Cette analyse philosophico-économique pourrait-on dire est une analyse qui pousse au bout l'édifice intellectuel de MARX, et n'est pas toujours partagée, ni prolongée ensuite, par les marxistes successeurs. Mais de son vivant, elle peut être partagée par nombre de penseurs de son entourage.
De l'aliénation à la jouissance
Le régime de la propriété privée des moyens de production entraine d'autres formes d'aliénation (bien plus explorées par ses successeurs), cette fois dans la consommation : la création de nouveaux besoins ou l'appel à la jouissance constituent la dernière signification du concept d'aliénation que les critiques de la "société de consommation" et de l'"embourgeoisement de la classe ouvrière" ont repris dans les années 1960. La dimension est ici plus morale qu'économique. Il reste que celle-ci évoquée dans les Manuscrits de 1844 contient en germe tous les développements du capitalisme du XXe siècle, avec le rôle stratégique de la publicité dans la constitution des besoins et l'excitation des désirs.

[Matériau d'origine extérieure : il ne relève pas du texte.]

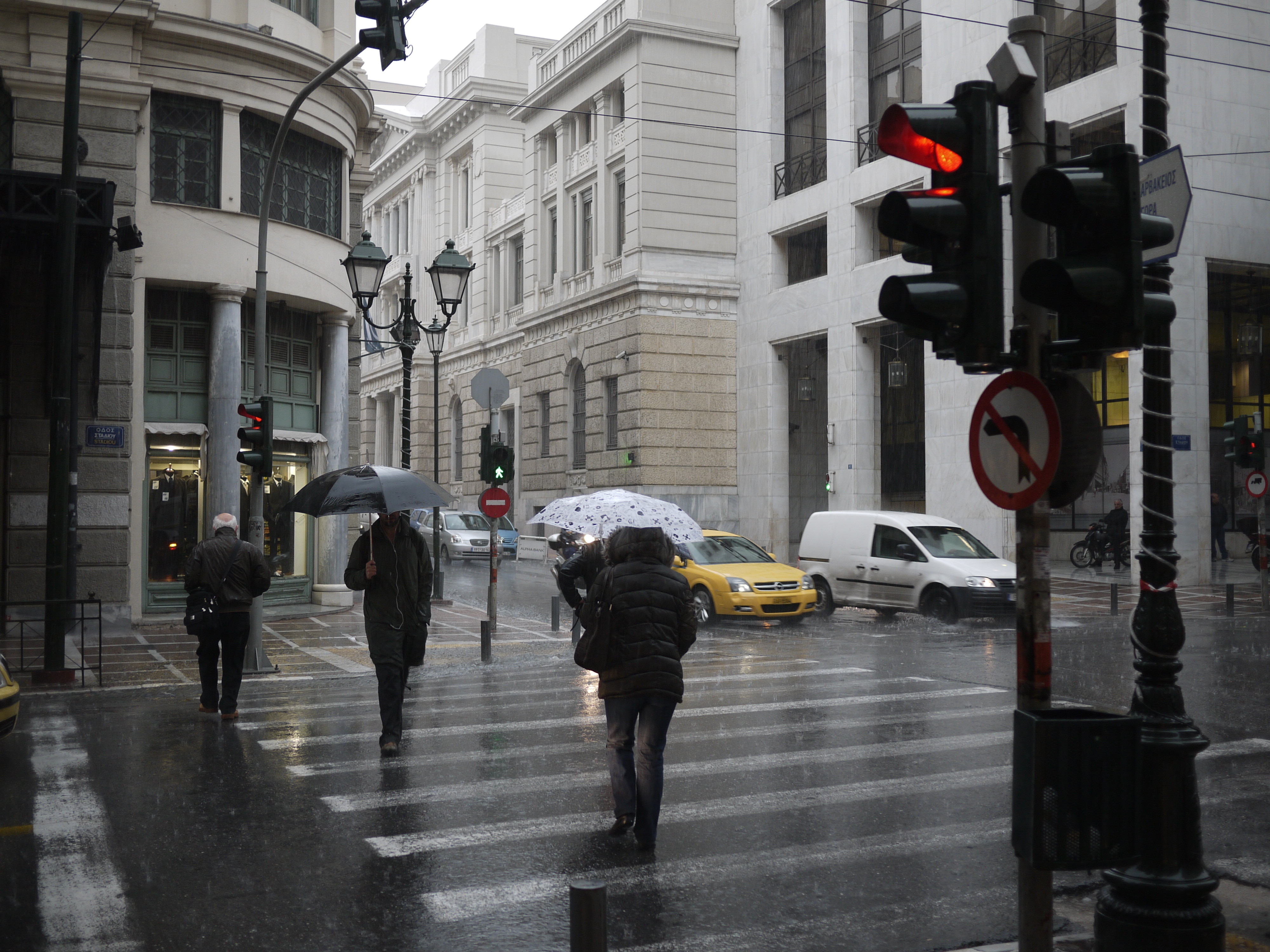 Ανεβαίνει η θερμοκρασία την Τρίτη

D'une certaine manière, ce passage (dans les Manuscrits de 1844) invalide aussi les conséquences avancées dans Le Capital à propos de l'appauvrissement de la classe ouvrière dans le processus de création de la plus-value relative. En effet, l'allégorie du palais et de la chaumière, c'est-à-dire le maintien de leur inégalité, peut conduire non pas à la révolte, mais tout aussi bien à la satisfaction des individus des classes sociales les moins favorisées, chaque famille possédant de nos jours plus de biens qu'hier. Si la domination trace la voie au travail aliéné, l'aliénation peut s'accommoder de la domination quand la majorité des besoins issus de la propriété sont satisfaits (voir les travaux de HABER - L'aliénation. Vie sociale et expérience de dépossession, PUF, Actuel Marx, 2007 - et RENAULT, Reconnaissance, conflit, domination, CNRS Éditions, 2017 et l'ensemble du numéro d'Actuel Marx de mai 2006). C'est bien à cet ouatage ou feutrage des rapports de classes et d'exploitation que conduit le travail aliéné, en particulier lorsque l'idéologie contribue à en voiler la nature. D'où une sorte d'aliénation de "second niveau".
Jean-Pierre DURAND se fonde sur l'évolution historique du XXe siècle, mais n'oublie pas, je présume, qu'il s'agit là sans doute d'une évolution toute relative. N'oublions pas les écarts immenses persistants de richesses dans le monde entre classes sociales, même s'il peut y avoir des améliorations notables de niveau de vie (les luttes ouvrières plus importantes en fait que du temps de MARX y sont pour quelque chose...). N'oublions pas non plus cette chasse effrénée de la force de travail la moins coûteuse, proche de celle des bénéficiaires (des classes dominantes) du servage et de l'esclavage d'antant, qui constitue encore un des moteurs du capitalisme actuel (voir les conditions de la mondialisation)
Jean-Pierre DURAND, La sociologie de Marx, La Découverte, collection Repères, 2018.